Na primeira curva, em Janeiro de Cima, um rapaz entroncado segura uma vara de sete metros. Nem todas as peles aguentam o meio-dia serrano, mas Nélson tem de cumprir a lista escrita em francês na parte da frente da t-shirt. Diz assim: “A fazer antes do final das férias: viver uma paixão de Verão; fazer a festa; topar miúdas; bronzear-se; fazer churrascos.” A bordo da barca mais nova da aldeia, o rapaz natural de Janeiro consuma o penúltimo objectivo. “Quando [o rio] é menos profundo, dá para ganhar mais velocidade”, diz, apontando a vara contra as pedras. O suor é em bica porque nos quer mostrar a melhor viagem pelo Zêzere na embarcação de pinho e cadernos (peças raras em forma de canto encontradas nas oliveiras) a estrear. Um senhor de boné vermelho pesca trutas à cana e um mosquito zonzeia frente aos narizes, de quando em quando. É o máximo, em medida de actividade, que se pode ter no curso até à central eléctrica que abastece a aldeia.

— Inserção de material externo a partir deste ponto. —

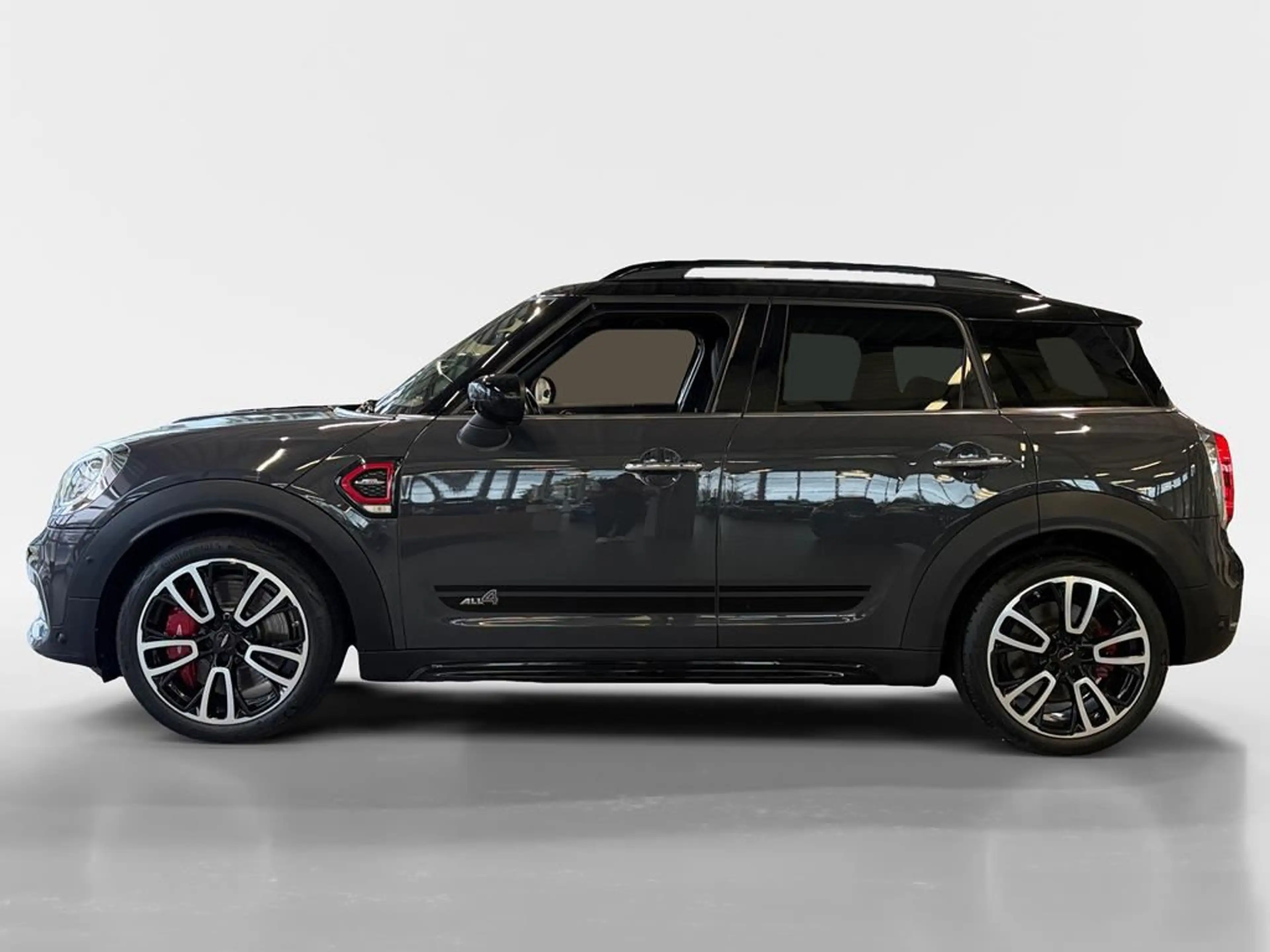 MINI John Cooper Works Countryman Chili — photo 4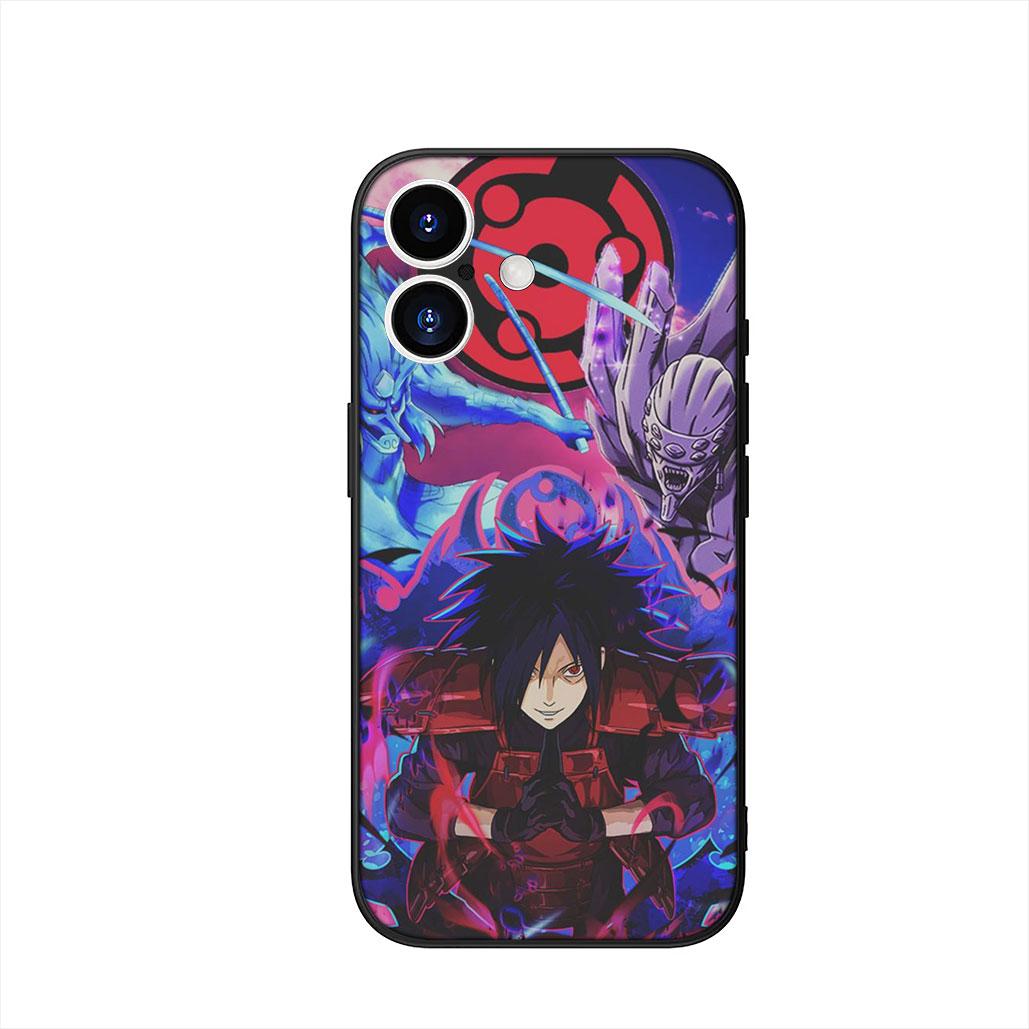 

Madaras Narutos Itachi Uchiha Sasuke Phone Cover Case for OPPO A18 A16 A17 A38 A54 A40 A60 A80 A78 A79 A57 A55 A96 A15 A12 OPPO A60 5G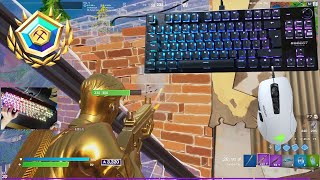 Wkey Solo Arena | MrSavage's Keyboard ASMR | ROCCAT Vulcan tkl Pro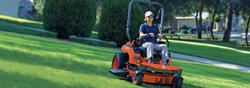 2025 Kubota Zg332lp-2-72-Au Petrol Zero Turn Mower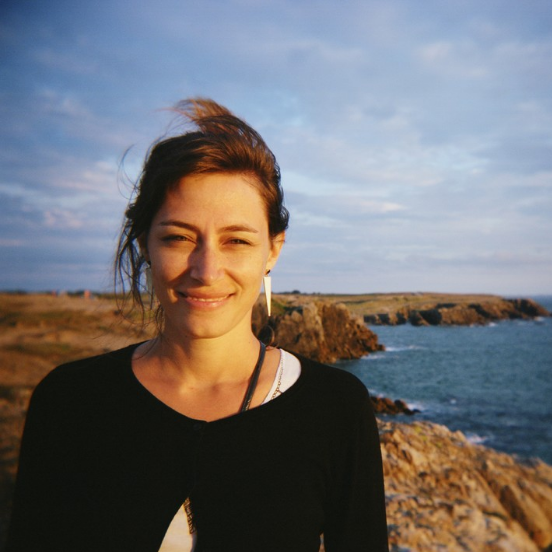 Laure Charrier - Monteuse vidéo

Torrados, saltamos para a terra a piscar o olho às churrasqueiras da praia e aos namorados de um Verão relvado. “Ó da barca!”, gritam da rua de xisto, quando, de uma porta em madeira, as mãos de Manuel da Encarnação surgem à espreita. “Fui criado quase dentro delas”, comenta. “Elas” são as barcas e ele é o único da aldeia a saber construí-las de uma ponta à outra, com as mãos grandes como troncos tardios. Dantes (o senhor Manuel já não é “de ontem”, nasceu em 1933, como faz questão de esclarecer) “não havia pontes, não havia nada, só a barca”. Por isso, era nela que se transportava o gado, a fruta, o peixe, a carne, os legumes e os cereais, tornando possível o comércio entre os concelhos da Pampilhosa e do Fundão. “Havia dois barqueiros profissionais a quem a freguesia pagava em alqueires de milho”, conta o carpinteiro, lembrando “o tempo em que o rio era grande”. Relata a vida, a travessia de Vilar Formoso para a rota emigrante, em 1961, oferece um copo de vinho (“é do meu”), um pedaço de pão, o que houver na casa. “E se hoje fosse preciso passear as meninas ou senhoras na barca, também ia”, afirma. (Já nos haviam avisado que o bom beirão abre as portas de casa e dá tudo o que tem.) Mostra as cadeiras que trabalhou em cerejeira, a juntora, o serrote, a plana, a grelopa, os formões e as grosas. Os nomes de algumas ferramentas não existem no dicionário, mas o senhor Manuel garante que é mesmo assim.

A aldeia com a fragosidade do xisto e a macieza das gentes fica para trás. Gonçalo espera-nos perto de Bogas de Cima para mostrar as abelhas mais agressivas dos últimos tempos. “Estão assim porque há muita população e pouca colheita”, diz. Mas como agora “estão a roubar mel”, tudo bem, podemos aproximar-nos. Começou com duas colmeias “por brincadeira”, para polinizar as cerejeiras. Hoje, vai em 50. O bisavô “era um dos maiores apicultores da região” e depois “a paixão das abelhas veio ao de cima”. Além disso, produzir “o melhor mel que anda aí” — o da Cova da Beira — é uma questão de orgulho.

Gonçalo fica a decantar e nós seguimos estrada com o fôlego doce, prontos a enfrentar o volfrâmio, em Cabeço do Pião. O calor ainda torra e pede há muito um mergulho, mas o íman mineral chama-nos à aridez da Panasqueira. Bina colhe a roupa seca do estendal, enérgica e segura. “É só um bocadinho!” Vai buscar a chave do café (o único na povoação), onde mais tarde exclama: “Aqui somos quase 90!” Cabeço do Pião foi a nano-aldeia que o concelho do Fundão escolheu para firmar a sua Pousada da Juventude em xisto, onde nem sempre há águas com gás mas onde Bina assegura o jantar para os mineiros e a simpatia aos visitantes. “Como são homens, tem de ser, que eles não sabem cozinhar”, esclarece. A paisagem faz parte das minas da Panasqueira, mas é uma das duas áreas inactivas (a outra é a Panasqueira). Subimos ao guincho (ponto alto de observação) para cheirar os montes que ali se erguem. E, de repente, já não há figueiras, calam-se as cigarras, emudecem-se os “bons dias” na paisagem lunar. Fosse este o lugar de um conto e todos viveriam do silêncio para aprender a pensar o tempo.